On appeal after remand, the Third Circuit Court of Appeals changed its mind. Cooper Distributing Co., Inc. v. Amana Refrigeration, Inc., 180 F.3d 542, 546 (3d Cir. 1999) (“Cooper II”). In Cooper II, the appellate court held certain pre-termination amounts should have been included in the valuation of the franchise, particularly the profits lost by the distributor when the manufacturer ceased providing sales support to the distributor during the term of the preliminary injunction. Id. Thus, even though Cooper I held the franchise should be valued as of the date of termination, the Cooper II court held evidence of lost profits based upon the distributor’s “uncertain status” during the pendency of the preliminary injunction should be included in the valuation. Id. at 547 (citation omitted). The Cooper II court also rejected its earlier support for alternative valuation methods, holding that a market-value analysis, or the value “hypothetical buyers and sellers” would assign to the franchise, is the appropriate valuation method. Id. (citation omitted).

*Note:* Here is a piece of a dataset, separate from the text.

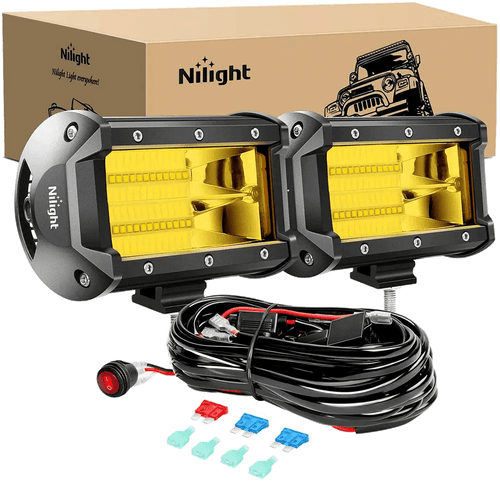 Nilight 5.2 Inch 72W 10800LM Yellow Flood Led Light Bar Kit (Pair) | 16AWG Wire 3Pin Switch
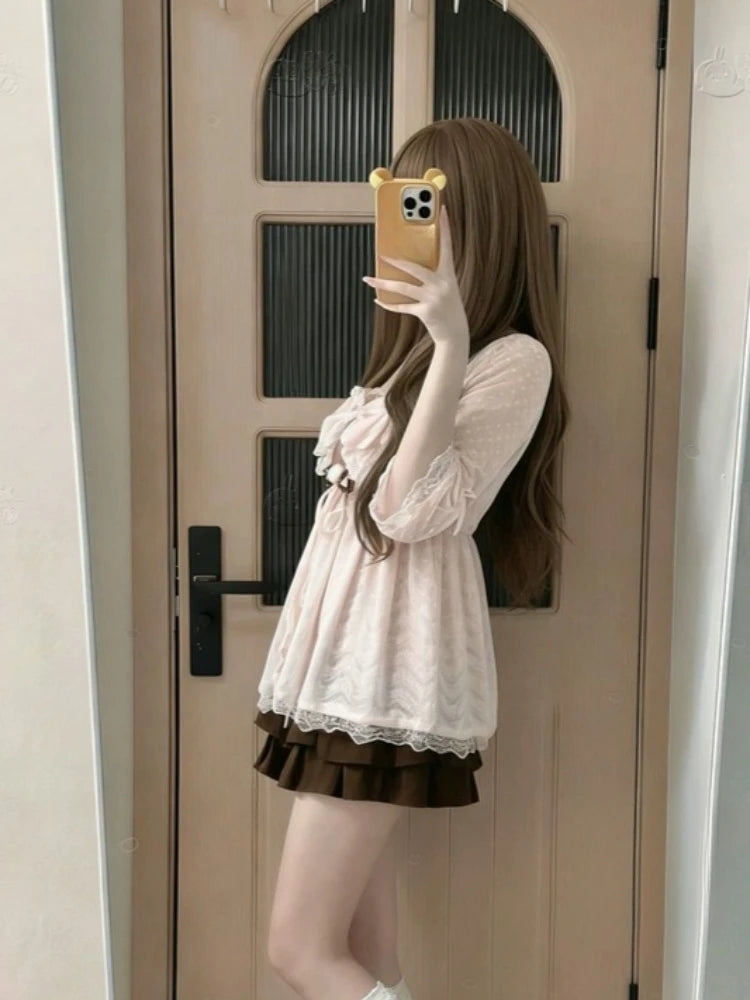 Strap Tops + Cardigan + Skirt Set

The value of preliminary or permanent injunctive relief may be properly included to reach the jurisdictional threshold for diversity jurisdiction in federal courts. Since the circuits are split on whether the value of the injunctive relief should be measured solely by the benefit to the plaintiff, or by the greater of the benefit to the plaintiff or the cost to the defendant, litigants must be certain to understand the law of their circuit when faced with a jurisdictional challenge. Moreover, given the complexities and vagaries of the methods of valuing a franchise, attorneys representing parties to franchise disputes are advised to retain valuation experts who understand the complexities of the franchise business model and are capable of presenting more than one valuation method to the court.